╔══

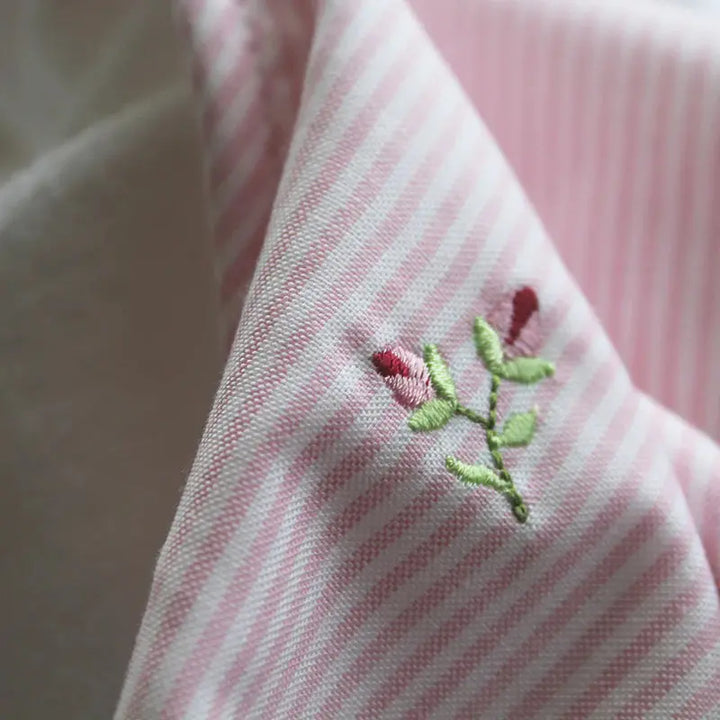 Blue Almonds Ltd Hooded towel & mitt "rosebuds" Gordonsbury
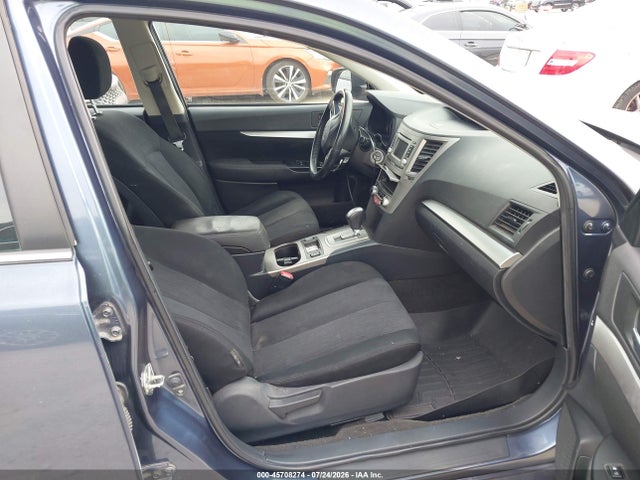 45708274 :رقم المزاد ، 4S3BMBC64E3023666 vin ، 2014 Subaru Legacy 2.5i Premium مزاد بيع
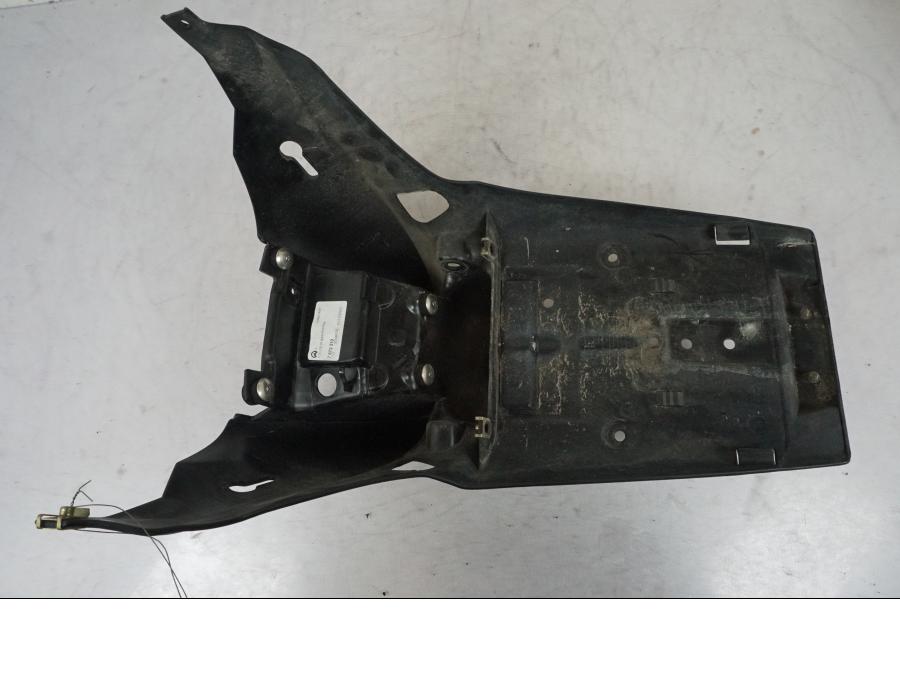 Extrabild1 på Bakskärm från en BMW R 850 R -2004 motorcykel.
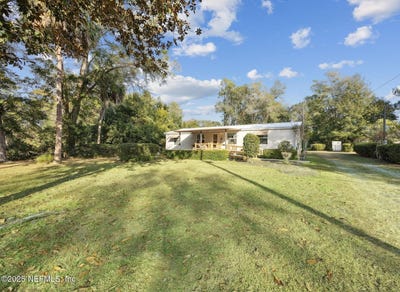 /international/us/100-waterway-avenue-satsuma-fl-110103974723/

╚══

What you should do: Transcribe all of the lines above exactly as given. The pictures stay out.

Solution:
 Blue Almonds Ltd Hooded towel & mitt "rosebuds" Gordonsbury
 45708274 :رقم المزاد ، 4S3BMBC64E3023666 vin ، 2014 Subaru Legacy 2.5i Premium مزاد بيع
 Extrabild1 på Bakskärm från en BMW R 850 R -2004 motorcykel.
 /international/us/100-waterway-avenue-satsuma-fl-110103974723/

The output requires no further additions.